## Aim of the exercise
Set down exactly, from the records below, the line with "Wolfhound Christmas Dog" through the line with "Converse Unisex Adults", and nothing else.

## Task data
◆ ◆ ◆ ◆
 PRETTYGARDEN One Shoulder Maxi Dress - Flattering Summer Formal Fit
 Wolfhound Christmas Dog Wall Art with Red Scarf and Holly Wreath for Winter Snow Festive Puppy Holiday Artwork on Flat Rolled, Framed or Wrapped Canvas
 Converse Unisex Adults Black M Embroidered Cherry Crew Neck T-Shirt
◆ ◆ ◆ ◆
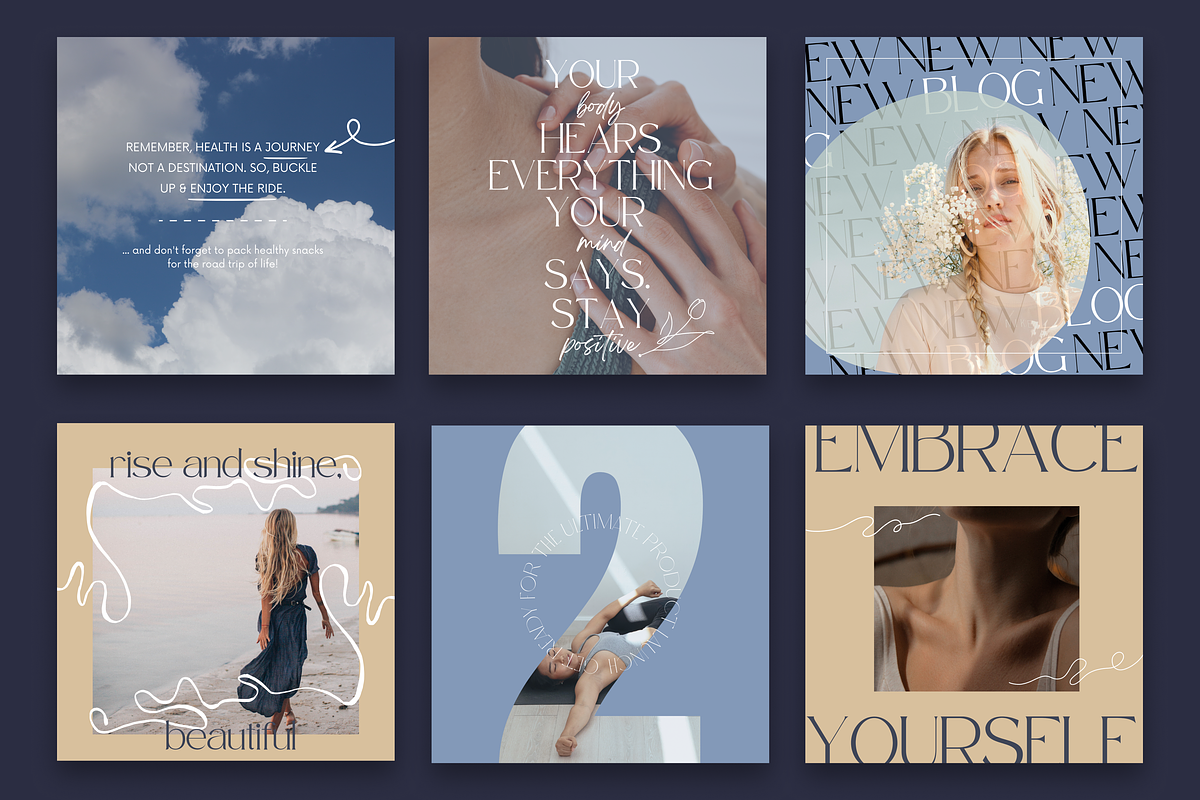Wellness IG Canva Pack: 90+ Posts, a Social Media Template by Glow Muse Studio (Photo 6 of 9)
◆ ◆ ◆ ◆
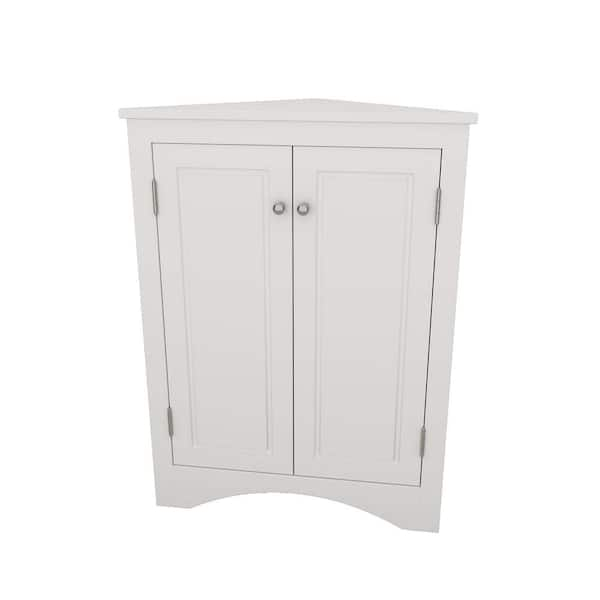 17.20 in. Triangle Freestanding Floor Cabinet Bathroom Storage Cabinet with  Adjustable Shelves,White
◆ ◆ ◆ ◆
## Problem solution
 Wolfhound Christmas Dog Wall Art with Red Scarf and Holly Wreath for Winter Snow Festive Puppy Holiday Artwork on Flat Rolled, Framed or Wrapped Canvas
 Converse Unisex Adults Black M Embroidered Cherry Crew Neck T-Shirt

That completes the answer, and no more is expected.